Believe it or not, the crap all around your house makes for some passable workout equipment, and you can use it to grow your biceps. Once you save two gallons of milk, fill each with water and use them for hammer curl repeats, a motion that requires a neutral grip in each hand, and a simultaneous elbow flex. (Hammer curls earn rave reviews from trainers for efficiently working both the brachialis and brachioradialis.) Laundry detergent dispensers also work well, because they have a nice grip. You can also use the jugs for tricep skull-crushers (activating the triceps, as always when we engage larger muscles, help catalyze growth in the muscular neighborhood) or fill up a pair of water-bottles with dirt for kickbacks. Elsewhere around the house: imitate BOSU-ball stability work on cushions, perform dips on chairs, or get the shoulders involved by lifting bags of rice, flour or even dog food over your head. If you’d rather leave your pantry out of it, consider packing a backpack with books, zipping it up, and filtering a dish towel through the top grip loop. This makes for a dynamic standing bicep curl.

Fancy push-ups


In lieu of sourcing equipment, you can always just use your bodyweight. Start by getting into planks, which work everything, even the biceps. Then mix in dynamic planks, also known as push-ups, which come in as many iterations as Ben and Jerry’s has flavors. There are traditional push-ups, wide-grip push-ups, superman push-ups, incline push-ups, push-ups against yoga blocks, etc. None’ll hurt you, but for building a better bicep, focus primarily on just a few fancy push-ups: 1) decline press-ups, where your feet are on an elevated surface behind you, like a bench, chair or bottom step, and you’re essentially performing push-ups against the ground; 2) the the diamond push-up, where you make a triangle with your hands and work the triceps, which encourages growth and stabilization in the upper body; and 3) the bicep push-up itself, where you invert your wrists and try to point your fingers back towards your feet while they’re planted on the ground. It’s going to feel like your wrists might snap, so take these easy (this is why we work on stabilization with the other push-ups) and try to do five at a time. Once they feel more comfortable, go for 10 or 12.

Aerobic pursuits


You can (and should!) break apart your strength training days with exercise that gets the blood pumping. Too often, lifters dead-set on building their ideal summer torso refuse to run or jump for months on end, terrified that they won’t be able to put on the weight.
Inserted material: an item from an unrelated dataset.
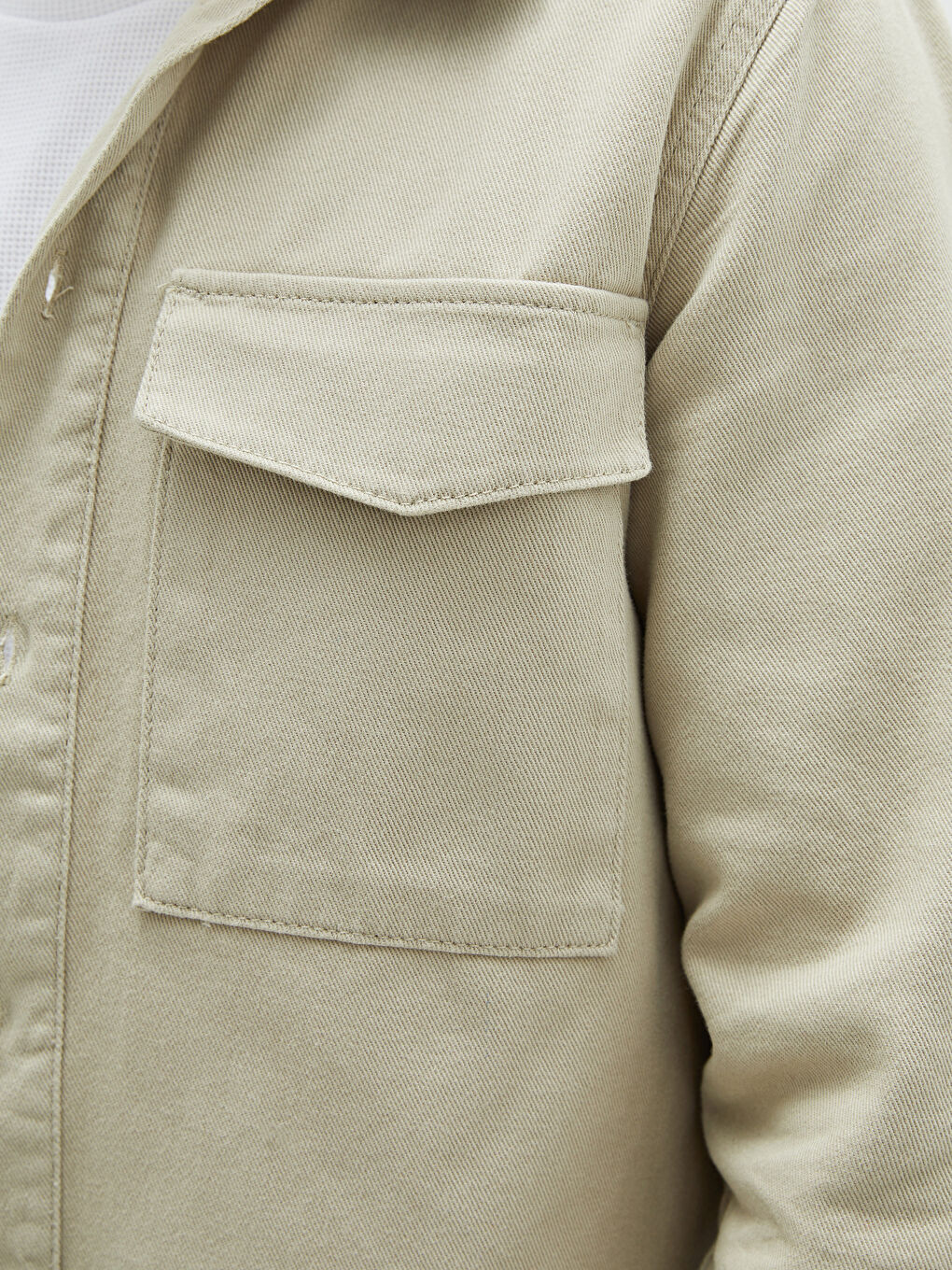 Bej Rahat Kalıp Uzun Kollu Erkek Gömlek Ceket-2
That’s nonsense. Any exercise that challenges your VO2 max is also going to burn fat, which is going to accentuate showy muscles like the biceps. On top of running (which we’ve all seemed to anoint as a way to beat the quarantine), incorporate routines like shadow boxing and jump-rope endurance training, which are fun, different for the body and activate the biceps. Try jumping rope for even just a minute; your arms will be as tired as your pups.

Help yourself out


To make sure all this work isn’t for naught, a few basic rules:

  1. Don’t overwork your biceps. It’s a small, easily irritated muscle. You shouldn’t be working it more than twice a week (or lifting upper-body, for that matter, more than three times a week). Give your body a chance to heal and grow.
  2. During that recovery process, feed the beast. Take a supplementary protein (I’m a huge fan of OWYN pea protein shakes) to make sure you’re getting at least 1.5 grams of protein for every kilo of body weight. For me (I’m 180 pounds) that means around 123 grams of protein. Serious gains will warrant closer to 2.0 grams of protein per kilo, though. On top of meats and fish, try to get lots of nuts (almonds are a no-brainer for fast protein) and veggies like edamame, beans, chickpeas and lentils.
  3. Keep a clear head. I get it; on some level, even if you’re open to the process and eager to learn all the compound movements, there’s a reason you’re trying to build bigger biceps. Very few among us would object to looking like an Old Spice advert. Just, remember that gains take time, and all the work you do along the way is worth it. Try to keep the weight low and the reps high, and focus on little adjustments along the way, like holding the position for maximum tension and maximizing full rotation.